**** Collected material ****
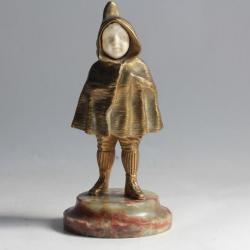 Bronze Georges OMERTH Enfant à la cape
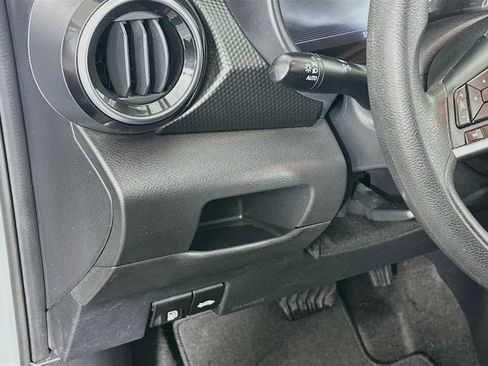 Used 2022 Nissan Kicks SV FWD image 16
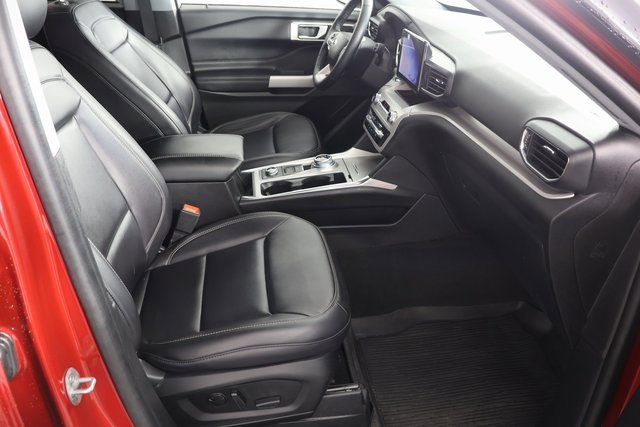 Used 2023 Ford Explorer XLT w/ Equipment Group 202A image 24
****
◆ Problem to work on ◆
Reproduce word for word the lines running from the line with "Used 2022 Nissan Kicks SV FWD image 16" through the end of the data, both included, and nothing else; leave out the pictures.

◆ Solution to the exercise ◆
 Used 2022 Nissan Kicks SV FWD image 16
 Used 2023 Ford Explorer XLT w/ Equipment Group 202A image 24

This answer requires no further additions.